The pace finally subdued a bit, but despite this we hit mile 3 I looked at my watch and saw 20:05. That's a 6:42 per mile pace, well above the 6:51 target which I'd considered a reach. "Is everyone feeling okay?" the pacer asked cheerfully. Err... that's not how it's supposed to work, I thought, but didn't say anything. This was a race, after all: no whining allowed.

"Pick up the pace!" a volunteer called from the side of the road. I laughed.

Water stops followed with remarkable frequency. I drank sports drink at the second: it was a bit too strong but I handled it. I decided to alternate water and sports drink. But for the rest of the race I drank at only two more stops. For a 90 minute effort, with drink cups the size they were using, even with the considerable loss of liquid onto my shirt and into my nose with each drink I was still hydrating ahead of the schedule I normally sustain at trail runs, let alone on training runs. Overdrinking can cause stomach problems, and in the cool morning air dehydration was a diminished concern.

There was still a decently dozen or so together with the pacer when we reached the "climb" on the course, the bump of Fort Mason. I run this hill regularly, so have it fairly dialed, and did my best shuffle-step climbing pace up the hill, letting the pacer, leading the group, gap me a bit. I was later surprised to see I PRed the climb on my Strava record: my previous PR I'd been trying to chase down a cyclist, not worried about maintaining a sustainable effort.

But here's where things went wrong. Following the climb there's a gradual descent back to base elevation, and apparently the pacer wanted to immediately make up for the time lost climbing. He immediately threw open throttle, and I simply couldn't respond to the acceleration without putting myself into the red zone. And the red zone is exactly where I didn't want to be less than halfway into the race.

near turn-around

So now I faced the western run along Marina alone, unfortunate since there was a stiff headwind. I was questioning my decision to let the pacer go, but clearly they were faster than pace at this point, and at some point you've simply got to pull the plug. Another runner soon caught me from behind, however, and after pacing him for a bit, I slowed slightly and pulled over to let him eat the wind for awhile. He complied.

Another runner caught and passed us, causing my partner to pick up his pace as well. This caused more discomfort. But I was able to hold on and get at least some shelter from the wind before the turn-around.

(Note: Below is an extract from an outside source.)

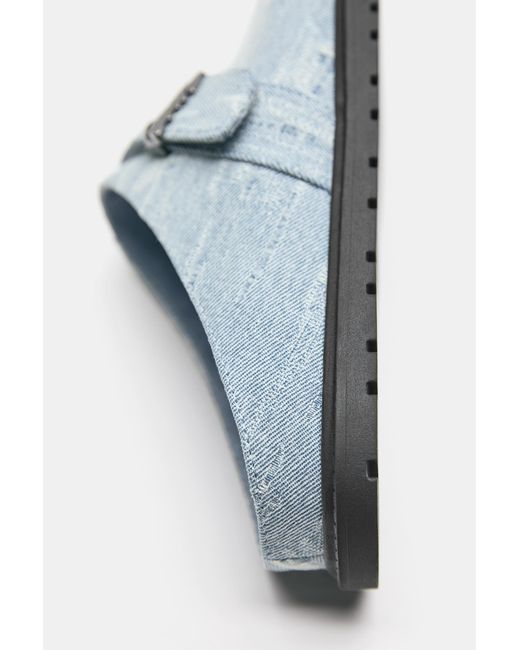 Pull&Bear Green Stwd Denim Clogs for men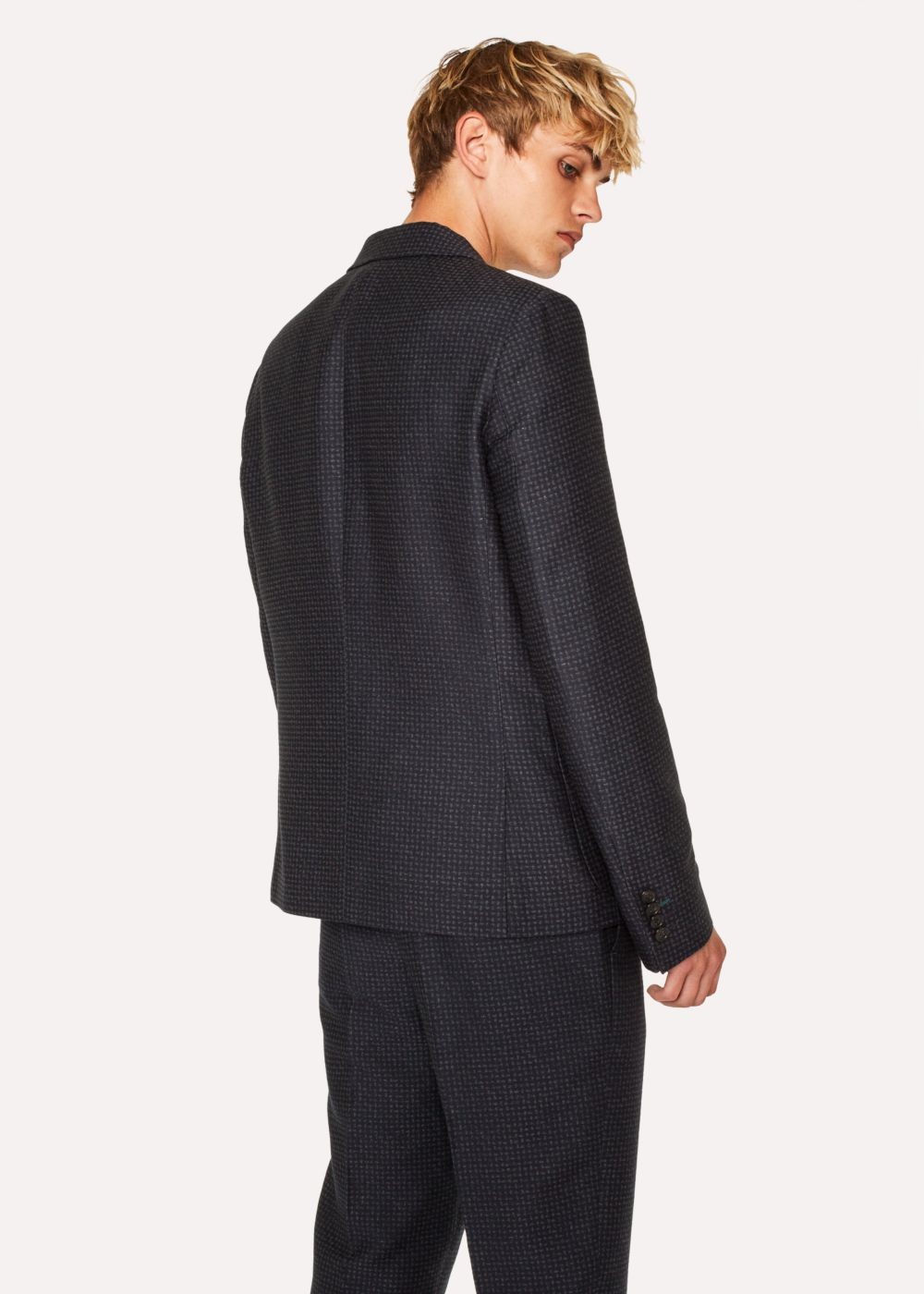 Paul Smith Men's Mid-Fit Dark Navy Textured-Check Wool-Blend Unlined Blazer Clothing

As we turned onto my preferred dirt surface here, and the headwind became a tail, I immediately felt better. Add in I was now running toward the finish rather than away from it, and my spirits clearly notched upward. I as running here with a very fit, fast looking woman who ran with a high cadence and smooth style which was encouraging. Honestly the shuffle of riders which led to this point is lost in the mental haze: my focus was distracted. On this section we needed dodge other runners, walkers, and mountain bikers using the popular path. I'm fairly obsessive about keeping the optimal line so prefer to apex turns if i can.

The woman and I caught and passed a guy whose style was in market contrast: a bounding, bouncing stride with notably slower foot turnover. After I checked to see he had a number on his shirt, I wondered how he'd gotten so far ahead of me running like that. I suppressed the temptation to give him advice: after all he'd been ahead of me for the previous 8 miles. But the woman and I managed to quickly leave him behind.

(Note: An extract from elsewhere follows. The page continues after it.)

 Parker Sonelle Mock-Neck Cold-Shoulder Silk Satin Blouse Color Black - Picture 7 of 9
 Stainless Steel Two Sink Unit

Fort Mason came and went quickly: in this direction the climb is easier. There was a slight confusion of the exact route due to the increasing morning crowds. As I've noted, I have a neurotic paranoia about going off course, but there were enough runners within sight that I assured myself I was unlikely to make a mistake.

Mile marker 9, the flag in mirror image due to the wind direction. My pace had not surprisingly slipped: I was still ahead of 7-minutes-per-mile but by less than before. I imagined the broom wagon was following at that pace, ready to disqualify and sweep up any unqualified runners who had placed themselves in the first wave.

But I was running well, and only 5 km to go. 5 km is around when it's time to ratchet up the discomfort threshold. Sustaining the pace was no longer much of an issue: it's only around 20 minutes of pain left, then the finish. So my protocol became regular: focus on relaxation to minimize the effort at my present rate of speed (relax the head, relax the shoulders, relax the torso, relax the legs), then increase the rate of speed, repeat. Speed doesn't actually increase, of course, but if I didn't try to keep it increasing it would otherwise start to drop.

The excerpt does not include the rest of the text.